◆ Task to carry out ◆
Restate every line of the data word for word, except for the images.

◆ Provided records ◆
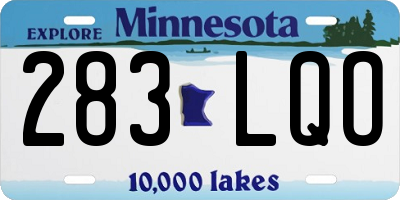MN license plate 283LQO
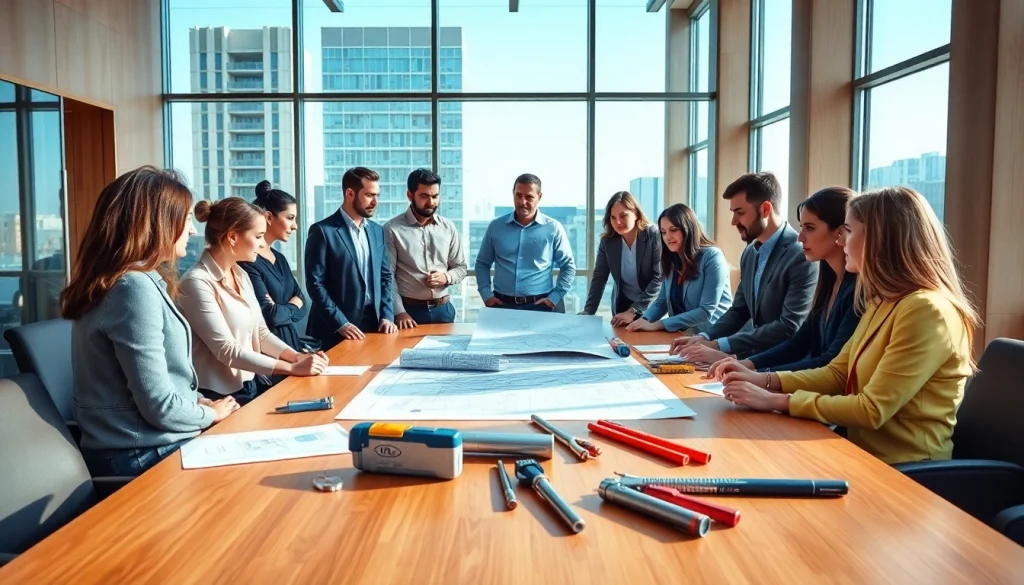 Construction association professionals collaborating in a modern meeting setting.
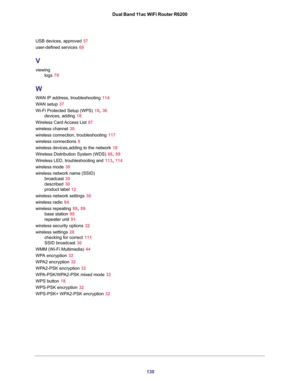 Page 130130 Dual Band 11ac WiFi Router R6200
USB devices, approved 57
user-defined services 69
V
viewing
logs 79
W
WAN IP address, troubleshooting 114
WAN setup 37
Wi-Fi Protected Setup (WPS) 18, 36
devices, adding 18
Wireless Card Access List 87
wireless channel 30
wireless connection, troubleshooting 117
wireless connections 8
wireless devices,adding to the network 18
Wireless Distribution System (WDS) 88, 89
Wireless LED, troubleshooting and 113, 114
wireless mode 30
wireless network name (SSID)
broadcast 30...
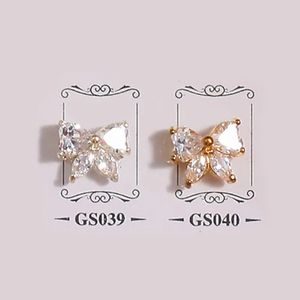 Nail Art Decorations 10pcs/lot 3D Gold Bow Tie Zircon Alloy Crystals Rhinestones Nail Art Decorations Decor Nails Accessories Parts Supplies Charms 231123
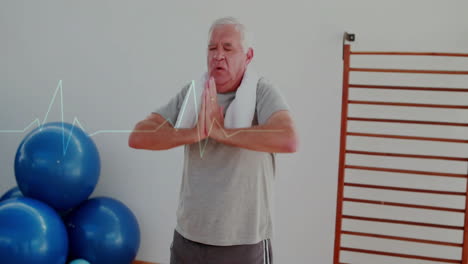 Elderly-man-exercising-with-heart-rate-animation-over-gym-equipment-background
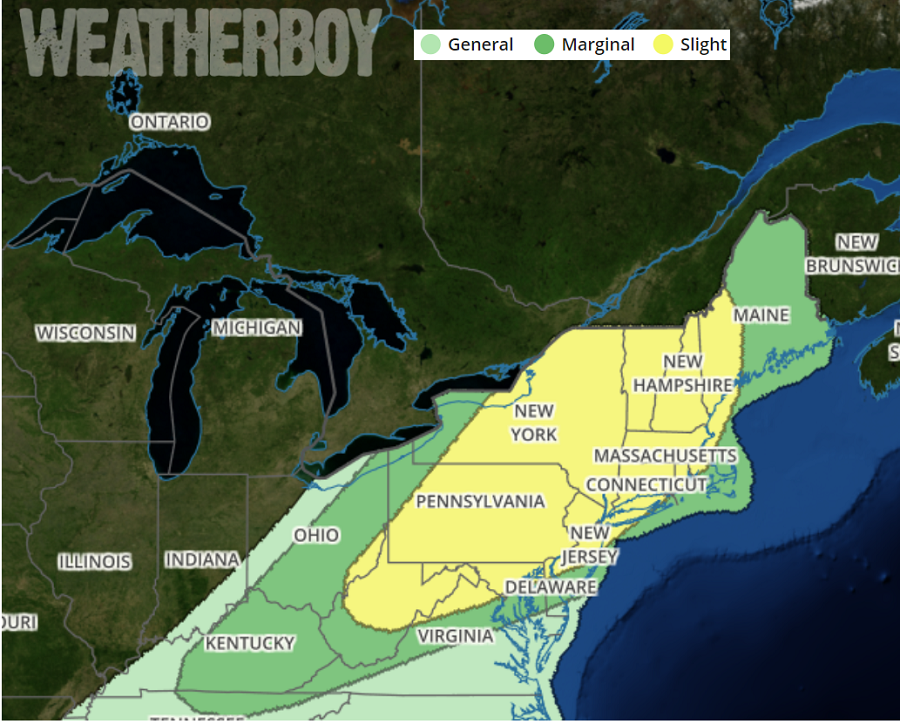 The area in yellow has the highest risk of thunderstorms on Wednesday. Image: weatherboy.com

◆ Answer section ◆
MN license plate 283LQO
 Construction association professionals collaborating in a modern meeting setting.
 Page 130130 Dual Band 11ac WiFi Router R6200
USB devices, approved 57
user-defined services 69
V
viewing
logs 79
W
WAN IP address, troubleshooting 114
WAN setup 37
Wi-Fi Protected Setup (WPS) 18, 36
devices, adding 18
Wireless Card Access List 87
wireless channel 30
wireless connection, troubleshooting 117
wireless connections 8
wireless devices,adding to the network 18
Wireless Distribution System (WDS) 88, 89
Wireless LED, troubleshooting and 113, 114
wireless mode 30
wireless network name (SSID)
broadcast 30...
 Nail Art Decorations 10pcs/lot 3D Gold Bow Tie Zircon Alloy Crystals Rhinestones Nail Art Decorations Decor Nails Accessories Parts Supplies Charms 231123
 Elderly-man-exercising-with-heart-rate-animation-over-gym-equipment-background
 The area in yellow has the highest risk of thunderstorms on Wednesday. Image: weatherboy.com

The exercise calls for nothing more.